### Your assignment
Using the entries below, copy out all lines where "that" is found.

(Stored items)
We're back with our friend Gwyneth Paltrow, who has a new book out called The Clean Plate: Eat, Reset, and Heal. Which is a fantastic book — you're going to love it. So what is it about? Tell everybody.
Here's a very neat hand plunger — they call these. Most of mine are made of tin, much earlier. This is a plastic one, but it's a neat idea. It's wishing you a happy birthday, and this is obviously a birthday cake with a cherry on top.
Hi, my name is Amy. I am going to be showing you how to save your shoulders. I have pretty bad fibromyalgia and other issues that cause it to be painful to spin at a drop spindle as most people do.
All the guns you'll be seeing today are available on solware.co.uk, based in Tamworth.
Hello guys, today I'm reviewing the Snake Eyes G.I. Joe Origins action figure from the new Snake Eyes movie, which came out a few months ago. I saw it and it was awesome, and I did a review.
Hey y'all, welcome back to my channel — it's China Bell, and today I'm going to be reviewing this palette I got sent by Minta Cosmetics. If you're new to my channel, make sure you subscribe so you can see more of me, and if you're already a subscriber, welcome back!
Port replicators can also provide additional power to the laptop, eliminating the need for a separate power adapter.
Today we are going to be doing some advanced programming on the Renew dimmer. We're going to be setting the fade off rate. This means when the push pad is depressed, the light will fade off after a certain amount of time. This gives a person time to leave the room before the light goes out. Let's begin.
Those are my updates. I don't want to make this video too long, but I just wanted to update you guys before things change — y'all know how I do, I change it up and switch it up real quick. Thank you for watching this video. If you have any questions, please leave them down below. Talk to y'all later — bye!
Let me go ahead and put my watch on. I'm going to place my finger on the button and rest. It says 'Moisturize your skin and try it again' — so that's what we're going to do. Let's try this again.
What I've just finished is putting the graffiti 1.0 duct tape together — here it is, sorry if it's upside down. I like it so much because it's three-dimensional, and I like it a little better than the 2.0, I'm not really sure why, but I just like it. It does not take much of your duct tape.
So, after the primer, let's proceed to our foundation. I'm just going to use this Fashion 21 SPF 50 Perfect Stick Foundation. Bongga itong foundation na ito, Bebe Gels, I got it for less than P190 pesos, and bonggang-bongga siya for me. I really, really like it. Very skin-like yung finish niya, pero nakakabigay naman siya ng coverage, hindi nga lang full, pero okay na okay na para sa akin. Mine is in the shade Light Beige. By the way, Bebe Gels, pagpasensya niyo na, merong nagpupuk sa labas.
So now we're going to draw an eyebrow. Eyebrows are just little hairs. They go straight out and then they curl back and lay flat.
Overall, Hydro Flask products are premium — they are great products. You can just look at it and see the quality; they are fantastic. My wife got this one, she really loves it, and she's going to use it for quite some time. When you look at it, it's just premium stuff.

### Solved problem
Hi, my name is Amy. I am going to be showing you how to save your shoulders. I have pretty bad fibromyalgia and other issues that cause it to be painful to spin at a drop spindle as most people do.
Let me go ahead and put my watch on. I'm going to place my finger on the button and rest. It says 'Moisturize your skin and try it again' — so that's what we're going to do. Let's try this again.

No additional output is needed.